A day after the loss of a crew aboard the B-17 THE RECKLESS MOUNTAIN BOYS on May 7, 1943, several crews from the 63rd Bomb Squadron were sent out on reconnaissance missions. All but one crew returned to base.

Captain Robert N. Keatts was flying FIGHTIN SWEDE along the northeast coast of New Guinea when his crew spotted two Japanese “sea trucks” heading for Madang at 0900 hours. After the war, it was discovered that the ships were on the last leg of their journey from Japan and carried reinforcements, food and the 11th Airfield Construction Unit. Because of the valuable cargo aboard the convoy, it was covered from the air by 11 Sentai, a Japanese fighter unit. At the time of Keatts’ report about the ships, the Oscar fighters were hidden by dense clouds. It wasn’t long before FIGHTIN SWEDE was jumped by three Oscars as it flew out of the cloud cover. A fight was on.

After being hit in both engines by the fighters, Keatts made evasive maneuvers in order to escape from the Oscars. For a short time, it looked like FIGHTIN SWEDE would steer clear of disaster. In a split second, that changed when the B-17 was rammed by Sgt. Tadao Oda. Both aircraft exploded and plunged into the sea. It wasn’t until sometime after World War II ended that anyone knew the fate of FIGHTIN SWEDE’s crew.

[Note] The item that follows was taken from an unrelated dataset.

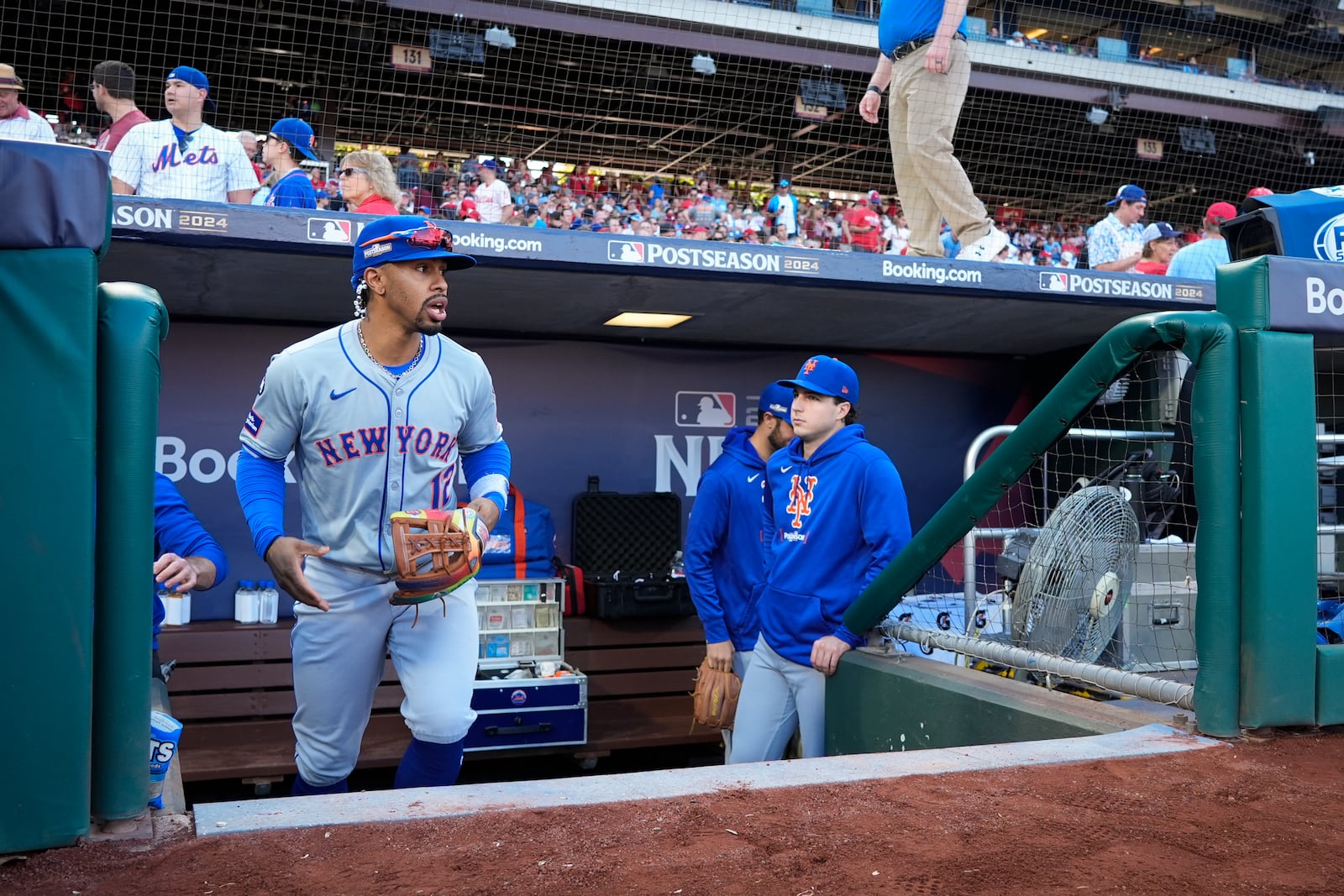 New York Mets shortstop Francisco Lindor takes the field ahead of Game 1 of a baseball NL Division Series against the Philadelphia Phillies, Saturday, Oct. 5, 2024, in Philadelphia. (AP Photo/Chris Szagola)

During the war, Oda had talked with other pilots regularly about how difficult it was to bring down the B-17. Ramming the plane seemed to be an ideal solution, although, in this case, it didn’t work out as he would have preferred since Keatts had already radioed a message about the convoy sighting. Not long after the Oscar and B-17 went down, nine B-25s from the 3rd Bomb Group arrived with eight RAAF Beaufighters and a P-38 escort. The Allied planes went to work, sinking the “sea trucks” and, in the process of doing so, they took out the 11th Airfield Construction Unit.

Oda was posthumously awarded a double promotion to Second Lieutenant as well as given a commendation. The 63rd Bomb Squadron was left reeling after the sudden loss of two crews in two days.